И вот раздается наконец приказ прокурора:
– Снять тело с виселицы.
Белую куклу опускают в дощатый гроб. Полицейский врач с кокардой и в больших голубых очках выполняет последнюю формальность: он подтверждает властям, что человек, провисевший сорок минут с петлею на шее, по состоянию его артерий и положению зрачков, действительно умер. Немедленно же прокурор палаты твердой поступью с высоко поднятой головой сходит с площадки и садится в карету. Распорядители казни оставляют площадь. Гроб заколачивается. Одноконная ломовая телега увозит тело казненного на дальнюю окраину.
Медленно растекалась толпа по переулкам, проспектам и улицам.

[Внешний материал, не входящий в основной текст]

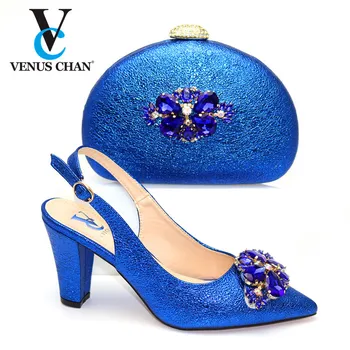 

Hot Selling 2020 Autumn New Arrivals Royal Wedding Clutch Bag Match Italian Women Shoes and Bag Matching Set in Blue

Стучали топоры, сносившие эшафот (к трем часам по приказу площадь должна была принять свой обычный вид). Сутулясь и пошатываясь, брел по Николаевской улице Гаршин. Что-то болезненно надорвалось в нем, мучительно и страшно исказилось. Словно резнули по живому. Все почему-то вокруг теряло смысл и значение, становилось как-то странно пустым, бесцельным и неважным. Люди, коляски, конки? Так, какое-то бессмысленное мелькание чужого, отходящего, далекого и ненужного, звучание и плеск из другого мира. И только эта острая боль, испуг и обида и страшный, огромный, безнадежный вопрос, раскрытый как рана… Слезы подкатывали к ресницам, что-то сжимало горло. Хотелось плакать и чему-то недоуменно смеяться. Ведь бессмыслица всегда смешна! Он шел, бормотал, разводил руками, восклицал и всхлипывал. Неимоверно высокой и режущей нотой стыл в ушах неотвязный визг военных флейтщиков. Брови приподымались с выражением невыносимого страдания. Губы шевелились спазматически, как у плачущего. Мальчишки по пути бежали за ним, передразнивая его жесты и заливаясь хохотом. Прохожие угрюмо оборачивались и сокрушенно покачивали головами.